Provided material ->
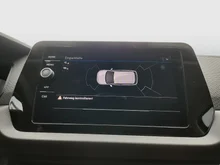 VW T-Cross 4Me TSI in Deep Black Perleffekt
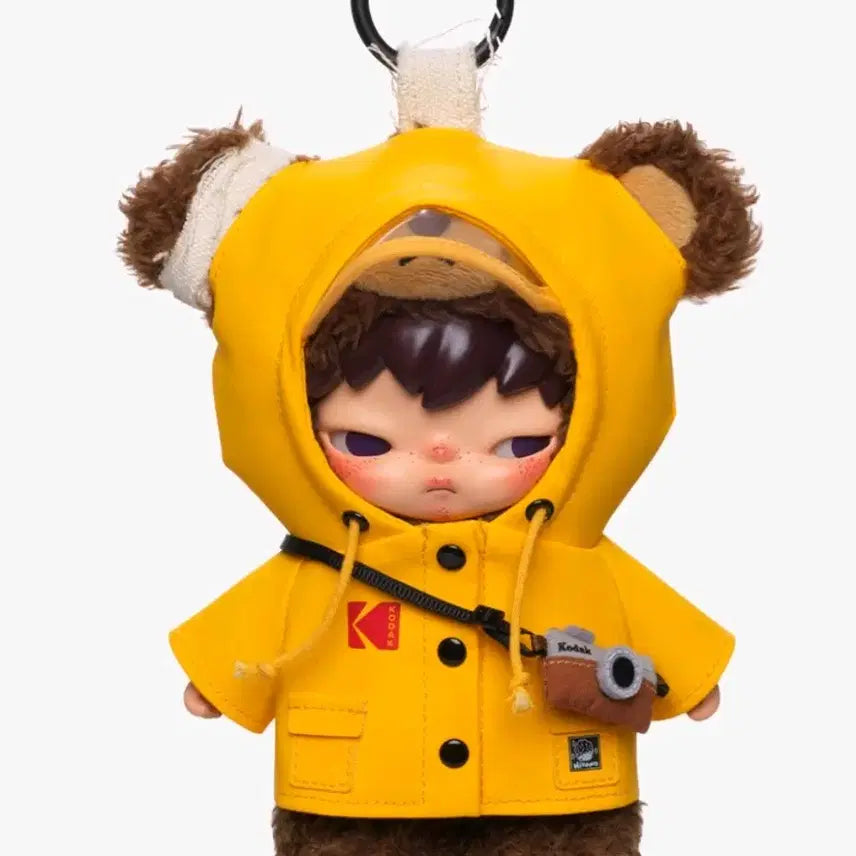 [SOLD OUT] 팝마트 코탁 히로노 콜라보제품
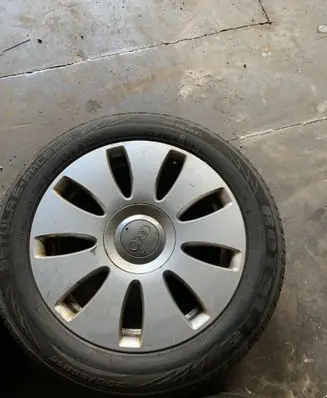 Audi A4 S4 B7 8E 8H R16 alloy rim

Assignment -> Without including any picture, reproduce the material above word for word.

Response to this task ->
 VW T-Cross 4Me TSI in Deep Black Perleffekt
 [SOLD OUT] 팝마트 코탁 히로노 콜라보제품
 Audi A4 S4 B7 8E 8H R16 alloy rim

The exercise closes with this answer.